_Task prompt:_
Print out the data below in full and exactly, skipping the pictures.

━━ Provided data

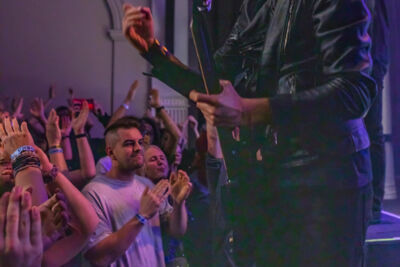 Janez Detd. @ De Casino, foto 15, foto's door Edwin Houdevelt - FrontView Magazine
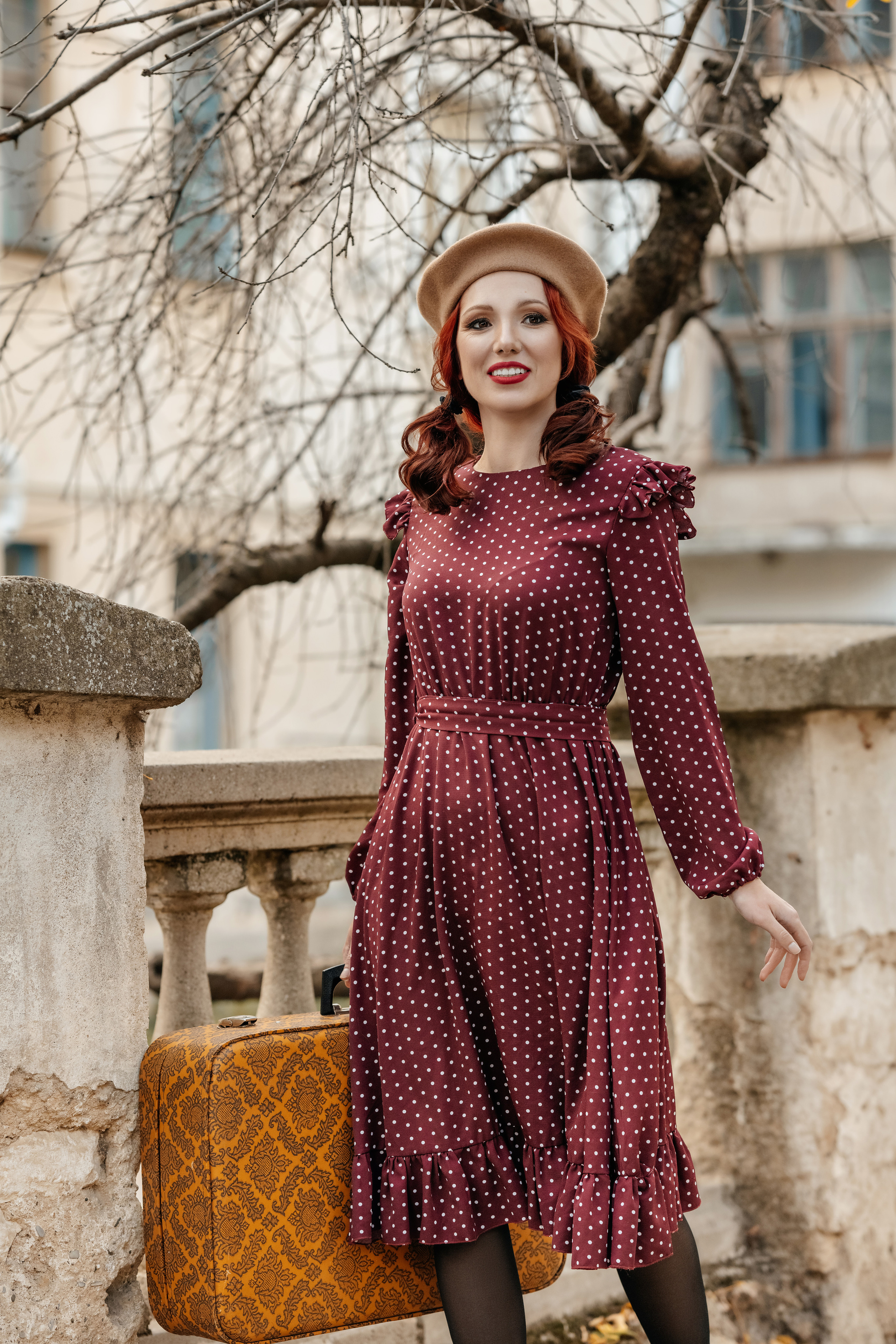 Ретро съемка. Фотограф в Крыму Кот Мария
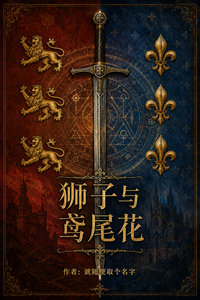 狮子与鸢尾花 cover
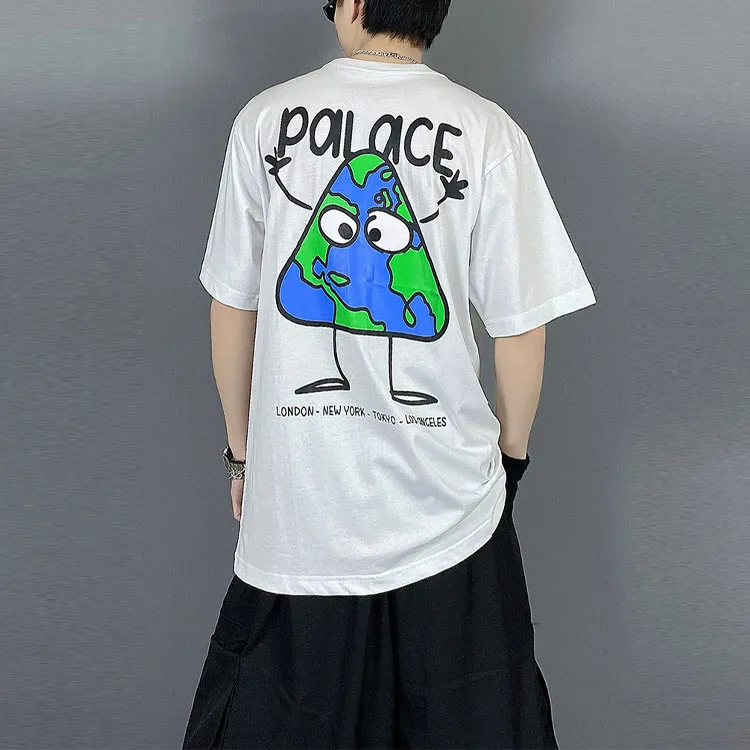 PALACE Globlerone T Shirt-4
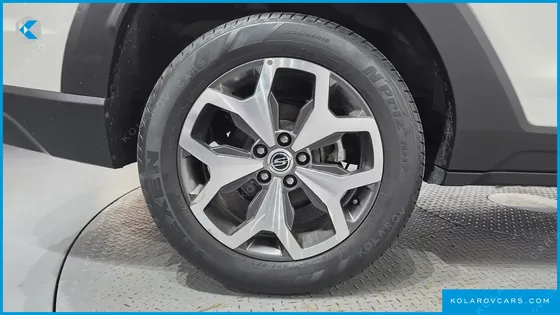 KGM - SSANGYONG TORRES GASOLINE 1.5 2WD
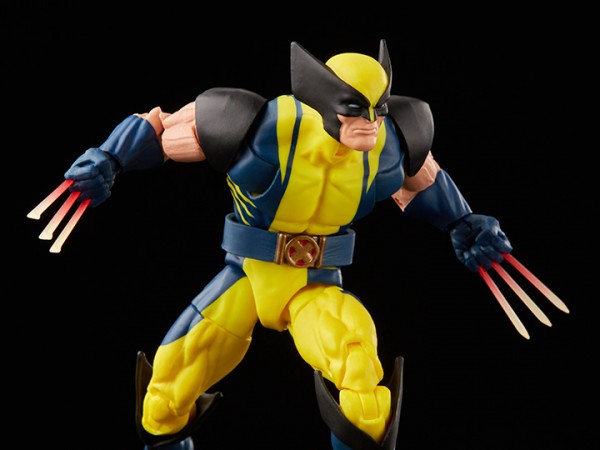X-Men Marvel Legends Action Figure Wolverine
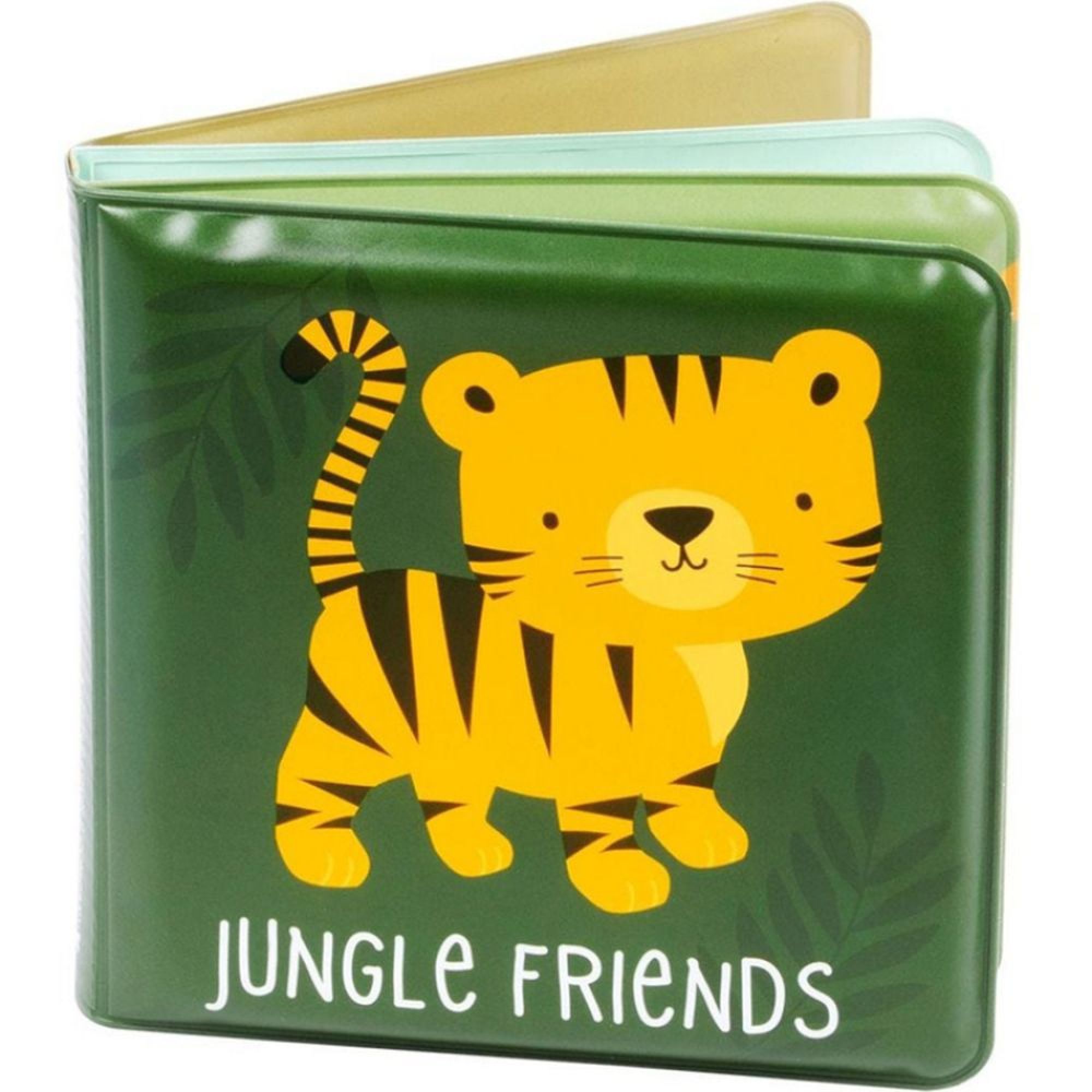 Coffret Cadeau Playgro Amis De La Jungle – 7 Pièces : Hochets Poignet/cheville, Anneaux De Dentition – Pour Bébé Dès 0 Mois – Sans BPA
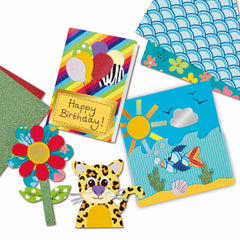 Early Learning Centre - Collage Paper Set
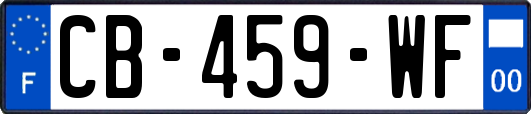 CB-459-WF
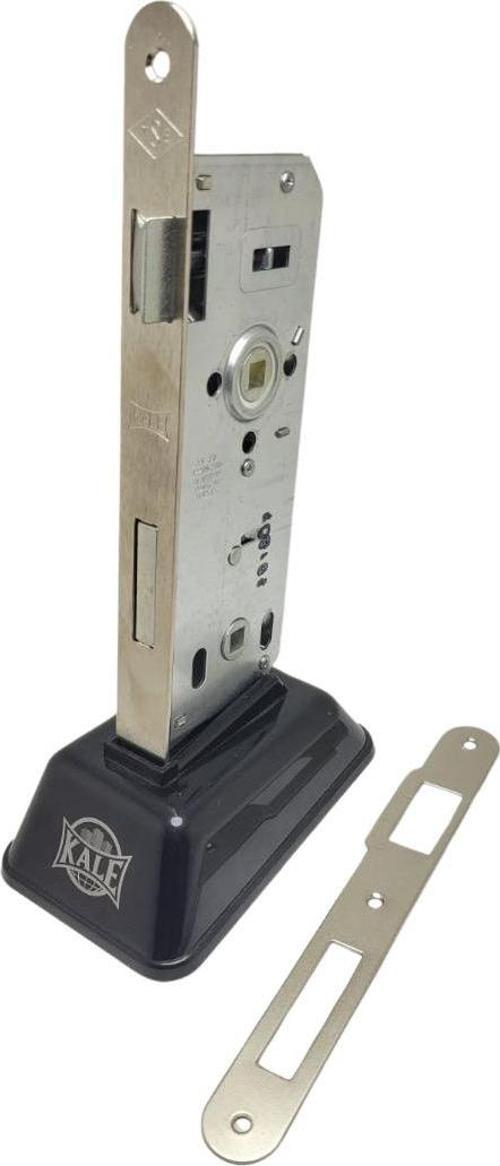 Extra İç Kapı Gömme Wc Kilit 40 Mm Oval Ayna 169Rwc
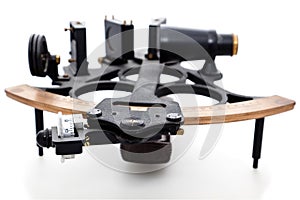 Sextant isolated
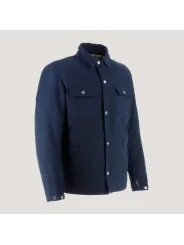 Surchemise Detroit Evo Men Hiver Toile Canvas - Helstons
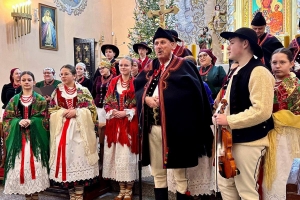 Kolędowanie w Przybędzy - zdjęcie12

━━━━

_Answer:_
 Janez Detd. @ De Casino, foto 15, foto's door Edwin Houdevelt - FrontView Magazine
 Ретро съемка. Фотограф в Крыму Кот Мария
 狮子与鸢尾花 cover
 PALACE Globlerone T Shirt-4
 KGM - SSANGYONG TORRES GASOLINE 1.5 2WD
X-Men Marvel Legends Action Figure Wolverine
 Coffret Cadeau Playgro Amis De La Jungle – 7 Pièces : Hochets Poignet/cheville, Anneaux De Dentition – Pour Bébé Dès 0 Mois – Sans BPA
 Early Learning Centre - Collage Paper Set
 CB-459-WF
 Extra İç Kapı Gömme Wc Kilit 40 Mm Oval Ayna 169Rwc
 Sextant isolated
 Surchemise Detroit Evo Men Hiver Toile Canvas - Helstons
 Kolędowanie w Przybędzy - zdjęcie12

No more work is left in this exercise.